- XRP-backed loans are now available on the Nexo platform
- XRP can now be used as collateral for instant loans of up to $2 million
- Holders of XRP have the option to borrow against their asset when they need cash
In a tweet sent out last Wednesday, October 17, Nexo announced XRP-backed loans are already available on their platform. The move made them the first and (so far) only crypto lender to onboard XRP as a collateral.
XRP just gained more utility as an asset thanks to Nexo, the world’s first platform to provide instant crypto-backed loans of up to $2 million. This means users can now utilise the XRP tokens stored in their Nexo wallets to make use of instant loans. The rates stand at 8 percent per annum.
Nexo is backed by many prominent players in the cryptocurrency space including Michael Arrington. It is powered by Credissimo, a dominant European FinTech group that provides financial services to millions of people across the continent.
In the email received by users detailing the new offer, they stated:
“XRP holders now have the ability to instantly borrow against their asset rather than sell it when the need to access cash arises. This makes HODLing XRP even more straightforward, as it eases selling pressure and provides the most tax-efficient model .”
Cash on Demand
The service gives users the option to deposit their cryptocurrencies and other digital assets to their Nexo wallet and a loan will be allowed with no credit checks. In other words, users will have access to cash on demand while still owning their digital assets 100 percent.
Other assets that are accepted as collateral include Bitcoin [BTC], Binance Coin [BNB], Ethereum [ETH], and their native asset, Nexo Coin. The service also uses BitGo.
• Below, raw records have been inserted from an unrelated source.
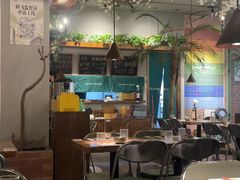 -岛风·台食小馆 ISLAND BISTRO(烟台山店)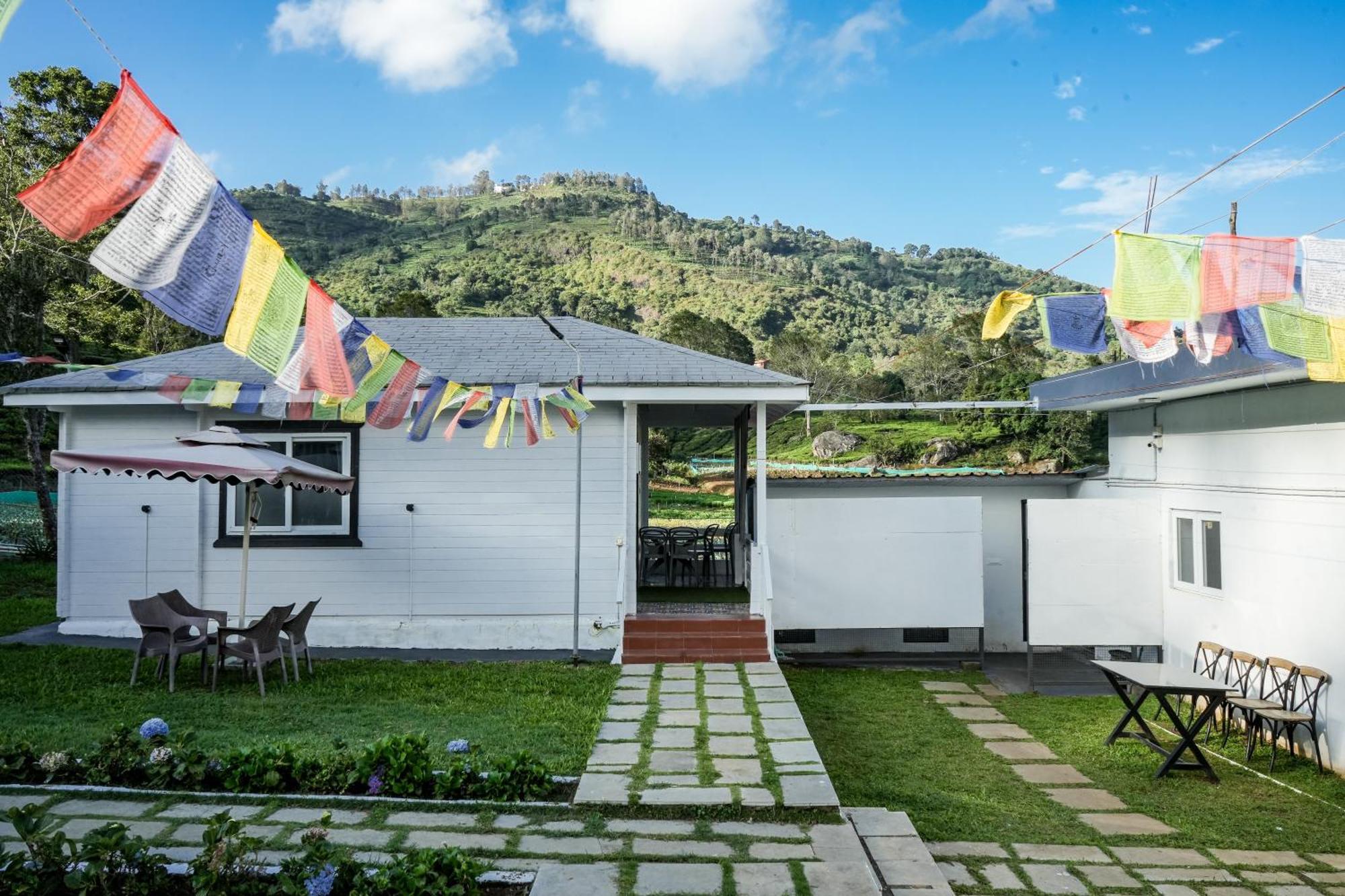 The Door To Nirvana Cottages Coonoor Esterno foto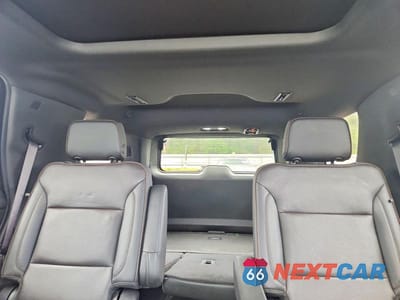 Zdjęcie 10 z 13 samochodu: 2021 CHEVROLET TAHOE K1500 HIGH COUNTRY VIN:1GNSKTKL9MR138611 - miniatura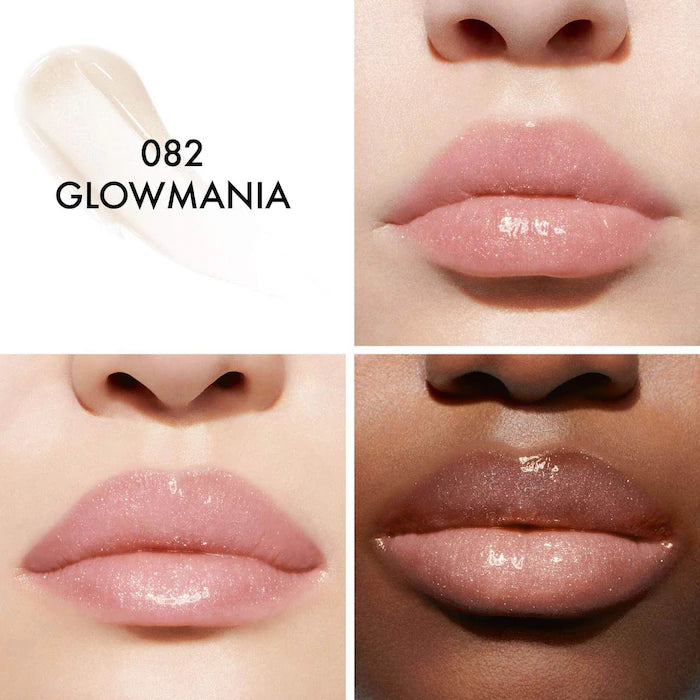 082 Glowmania - Dior Addict Lip Maximizer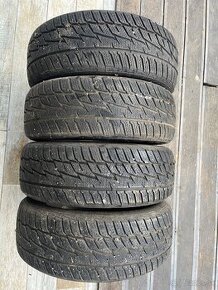 Zimne gumy 195/55 R16 Matador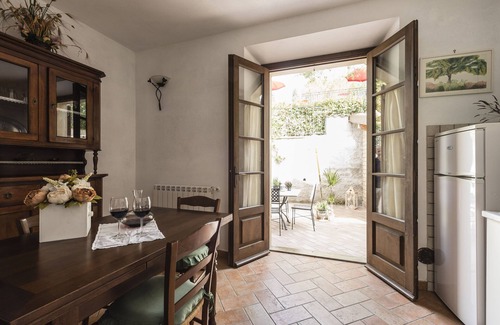 Santa Luce Other | Agriturismo La Ghiraia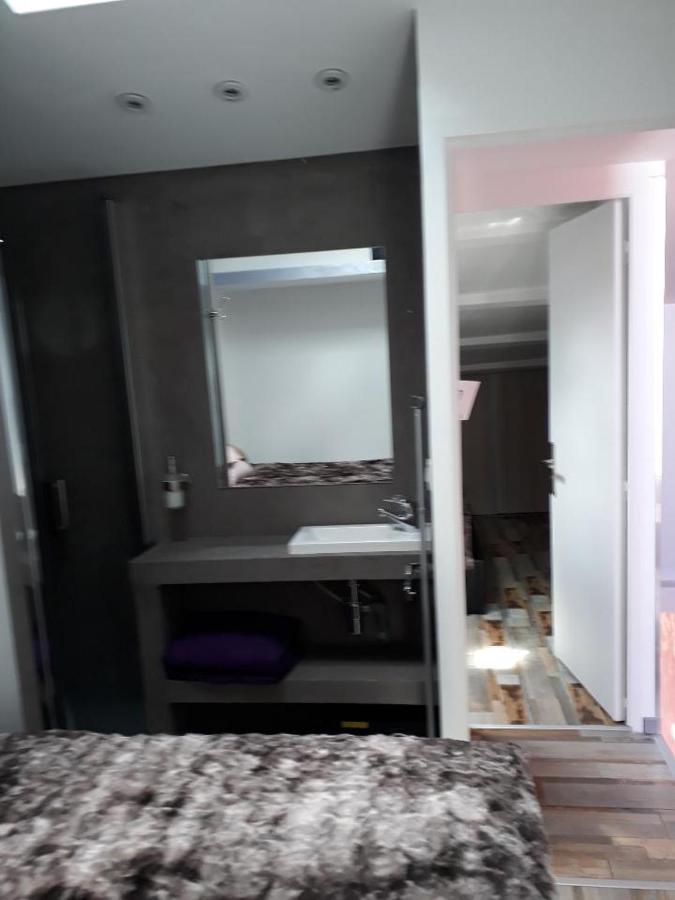 Chambres D'Hotes Naturiste, Village Naturiste Cap D'Agde, Draps, Serviette, Cafe, Menage Inclus En Fin De Sejour Eksteriør bilde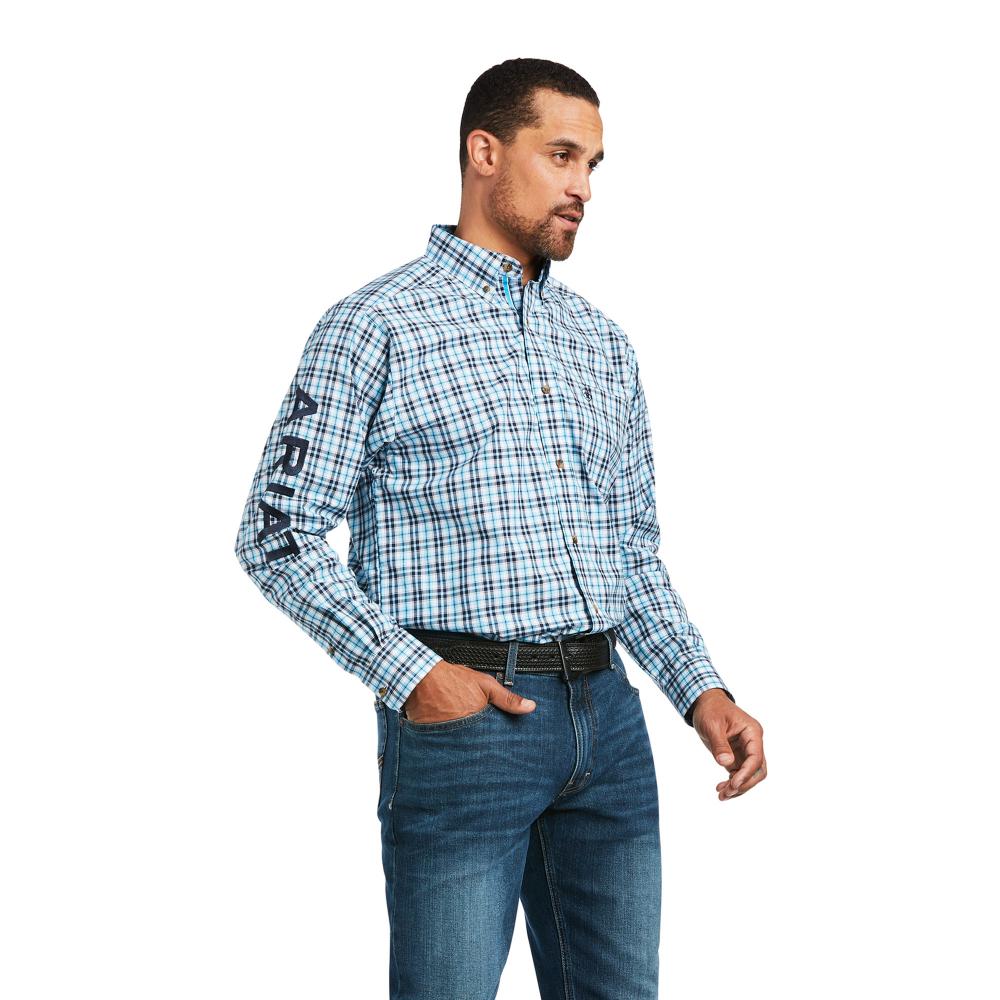 Ariat Mens Shirt 9244-10039244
BitGo is a custody provider that’s been approved by the United States Securities and Exchange Commission.
Nexo also provides a solution to a common hurdle many cryptocurrency enthusiasts face—tax issues. Currently, users are required to pay capital tax on their gains in the event that they cash out.
The platform addresses the issue by allowing users to use a method known as the “Zuckerberg Tax,” where tax liabilities are removed by converting selling into an overdraft while still giving users access to liquidity.